Short descriptive text snippets:
■ ■ ■ ■ ■ ■ ■
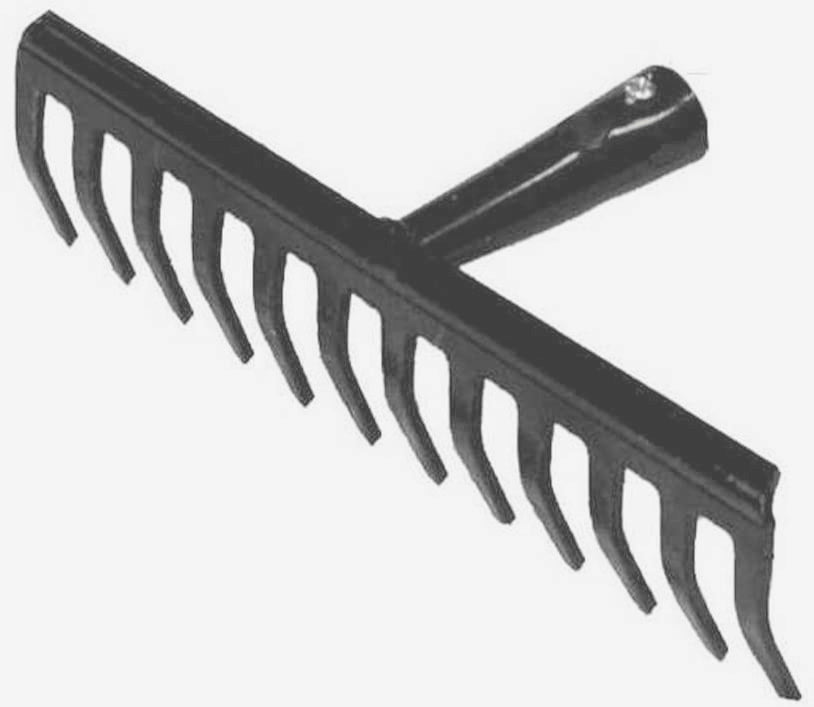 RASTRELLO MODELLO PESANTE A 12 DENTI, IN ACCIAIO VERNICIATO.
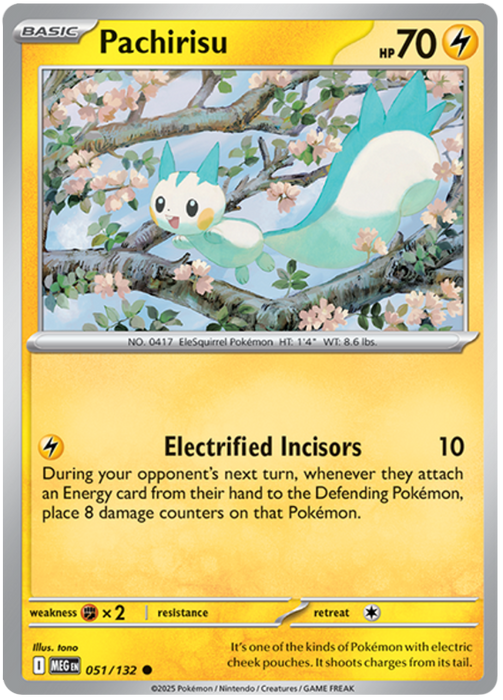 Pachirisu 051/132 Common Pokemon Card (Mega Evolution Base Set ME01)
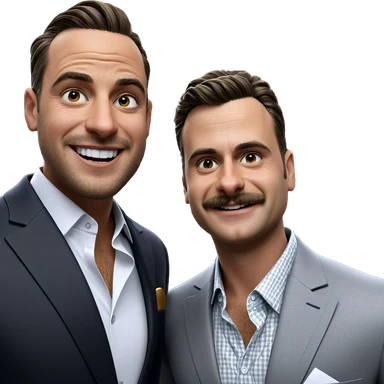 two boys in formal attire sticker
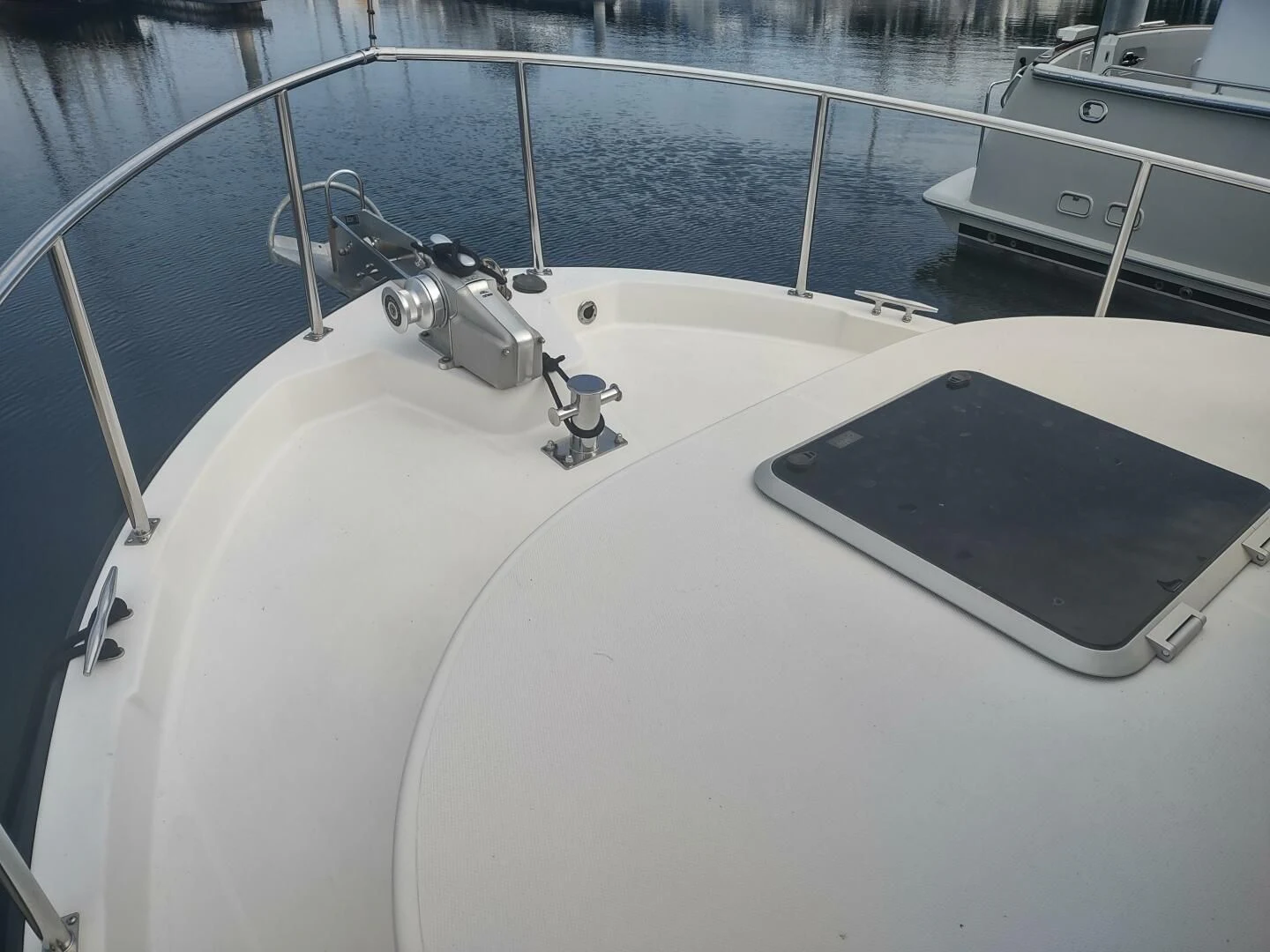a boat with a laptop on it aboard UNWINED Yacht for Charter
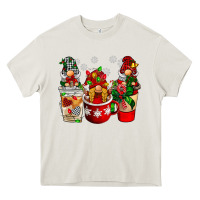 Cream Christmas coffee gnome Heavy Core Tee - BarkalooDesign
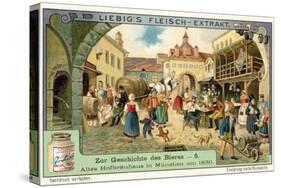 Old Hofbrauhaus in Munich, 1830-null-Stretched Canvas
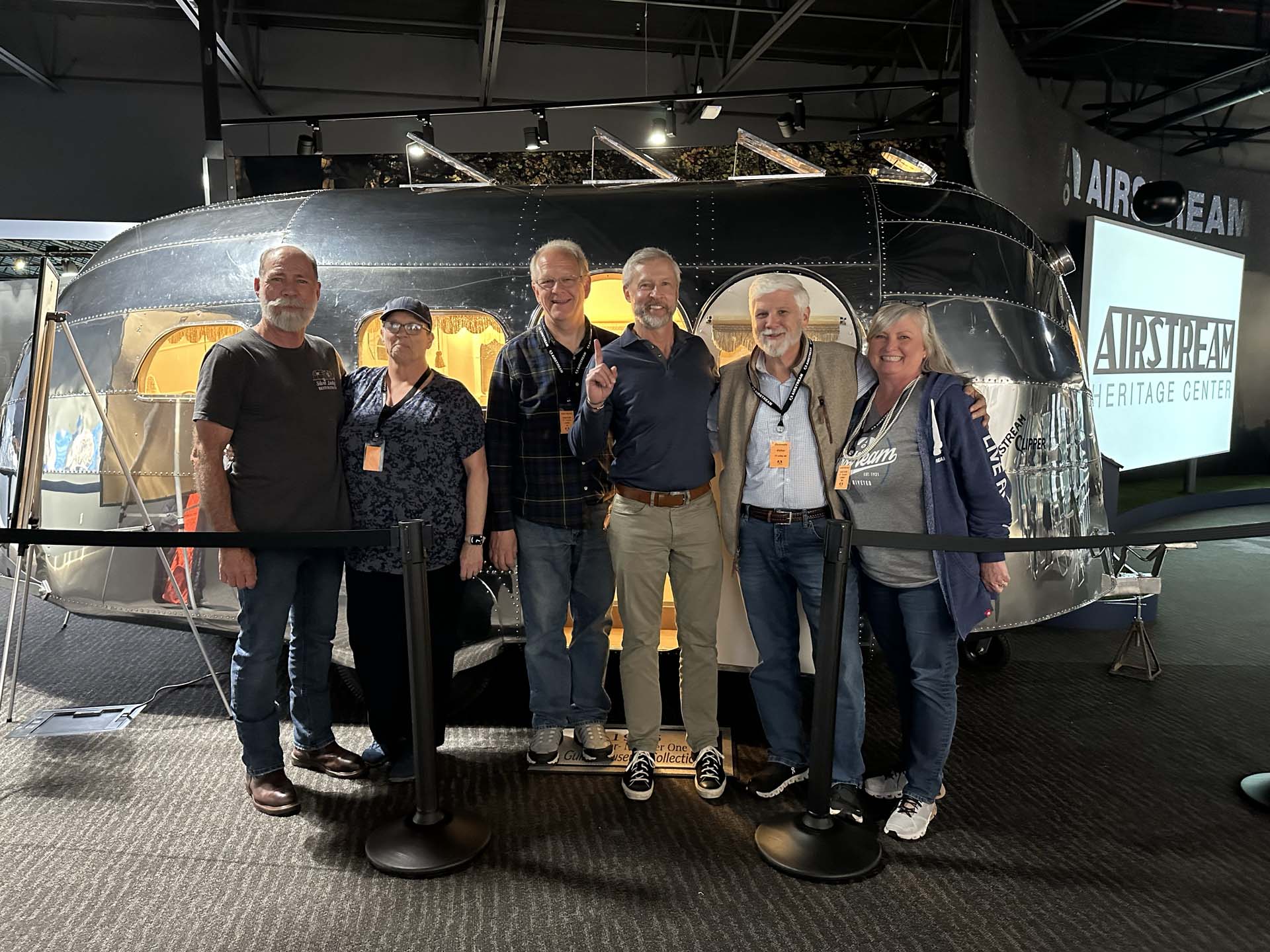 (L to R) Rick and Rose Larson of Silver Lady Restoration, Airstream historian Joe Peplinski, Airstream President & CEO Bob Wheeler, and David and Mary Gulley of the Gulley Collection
■ ■ ■ ■ ■ ■ ■
▶ _To do_:
Return the lines from the one containing "Pachirisu 051/132 Common" through the last line of the records, both included, exactly as written and with no pictures.

▶ _Reply_:
 Pachirisu 051/132 Common Pokemon Card (Mega Evolution Base Set ME01)
 two boys in formal attire sticker
a boat with a laptop on it aboard UNWINED Yacht for Charter
 Cream Christmas coffee gnome Heavy Core Tee - BarkalooDesign
 Old Hofbrauhaus in Munich, 1830-null-Stretched Canvas
 (L to R) Rick and Rose Larson of Silver Lady Restoration, Airstream historian Joe Peplinski, Airstream President & CEO Bob Wheeler, and David and Mary Gulley of the Gulley Collection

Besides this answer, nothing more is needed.